Markers of Retinopathy and Neuropathy
Protein and mRNA levels of both bFGF and GFAP (Fig. 4)were elevated in the diabetic groups compared with the control animals. Protein levels of PKCα increased significantly in the experimental groups, and activated caspase-3 levels were also elevated in diabetes (Fig. 4) , but levels of both substances were unchanged in the hippocampus (results not shown). Cells staining prominently for TUNEL were very few in number, with the most evident TUNEL staining in the photoreceptor layer (Fig. 5) . Some very weakly stained TUNEL cells appeared also in the inner retinal layers of diabetic animals (Fig. 5) . In addition, ERG measurements showed significant reduction in oscillatory potentials, a measure of inner retinal function, in the diabetic rats (P < 0.001). The b-wave amplitude was also reduced, probably representing a loss of the oscillatory potentials at the peak of the b-wave, but the change was not significant (P = 0.1), and the a-wave amplitude was unchanged, indicating that cataract did not reduce the amount of light reaching the retina sufficiently to produce a submaximum response (Fig. 6)
Discussion
In this investigation, neither MCT proteins or mRNA levels in the retina were significantly affected in the diabetic group. This was somewhat surprising, because MCT1 has been shown to be altered in the brain within hours by ischemia 26 and after 6 weeks in diet induced-ketosis, 27 both of which conditions reflect some aspects of the diabetic process in the retina. In addition, it was also recently reported that lactate levels are decreased in the diabetic retina (Ambrosio AF, et al. IOVS 2004;45:ARVO E-Abstract 3222). It is possible that changes caused by these factors were altered by other manifestations associated with diabetes but absent in models of ischemia or ketosis (for example, elevated glucose) which may produce counterregulatory influences on the transcription and translation of the MCTs. In this study, rats were kept diabetic for 10 weeks to allow the development of diabetic retinal neuropathy described by other investigators, 31 and it is possible that MCTs were altered earlier in this model and were normalized by the 10-week endpoint. However the lack of change in MCT expression in the retina in diabetes reflects findings from previous work in diabetic muscle. 36 These findings do not rule out the possibility that a retinal failure in MCT regulation contributes to retinal damage. However, this possibility is less likely, given the findings in the hippocampal sections, where similar expression profiles were found. 

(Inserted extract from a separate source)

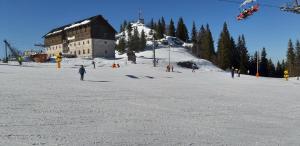 a group of people skiing on a snow covered slope at Apartmani Etno in Jahorina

The rats in the diabetic group displayed the classic signs of polyuria, polydipsia, and cataract at the end of the experiment. Blood glucose elevations were significant, and consistently elevated blood glucose concentrations were noted over the 10 weeks. In addition, the rats showed elevations in bFGF, PKCα, and GFAP in the retina. bFGF, an important factor associated with CNS injury and angiogenesis, is thought to be a causative factor in the progression of proliferative diabetic retinopathy, 37 but it also exhibits potent neuroprotective properties. 38 It has been suggested that its release in diabetes is a response to diabetic retinal insult, 1 and work in our laboratory supports this finding (Layton CJ, unpublished data, 2004). PKCα is a substance involved in second-messenger signal transduction and is heavily expressed in rod bipolar cells and characteristically upregulated in the diabetic retina. In diabetes, it both induces and is induced by angiogenic substances such as vascular endothelial growth factor (VEGF), 39 and the changes shown in the current study may therefore indicate a change in rod bipolar function in diabetes. GFAP is a marker of glial cell activation that appears between 2 and 6 months after the onset of diabetes and has been used by other investigators as an endpoint in evaluating treatments of diabetic retinopathy. 40 Together, these three findings indicate that the diabetic process was well established in the retina at a point when the MCT levels seemed stable. 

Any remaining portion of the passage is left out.